Gimme a Beat

African dance troupe performs on Molokai.

Molokai Public Library’s usually quiet halls echoed with drum beats and song last Wednesday as Badenyaa African Diaspora Dance Theater took the make-shift stage. They incorporated drumming, dancing and chanting in a one-hour performance that had their audience captivated.

About 40 people – including many keiki – gathered for the performance by four members from the Oahu-based group. Between songs, choreographer and lead singer Emily Uribe also gave the crowd lessons in African history, mythology and geography.

“African culture – and drumming in general – is about involving the community,” Uribe said, describing the “symbiotic relationship” drummers have with their audience. At one point, she had the whole crowd on its feet, clapping and stomping along.

The music Badenyaa played was traditional to central Africa and spread to Caribbean countries like Cuba and Haiti with the slave trade.

Though the music originated thousands of miles away, Uribe said its rhythm and storytelling have universal appeal.

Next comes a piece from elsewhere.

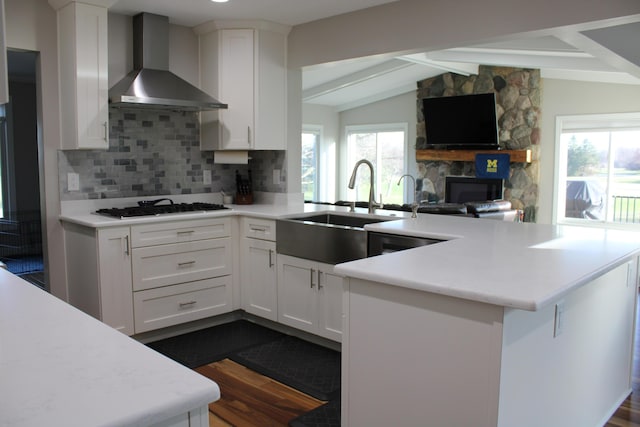 kitchen featuring tasteful backsplash, wall chimney range hood, light countertops, black gas stovetop, and a sink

“Music is innate in everybody,” she said. “We really just want to drive home that point.”

The event was part of the library’s Summer Reading Program. Earlier this month, the library featured a performance by the Hawaii Opera Theater and this week hosted Huliau, a contemporary Hawaiian dance company.

The series wraps up with the program “Be Kind to Animals” on Tuesday, June 29 at 10 a.m.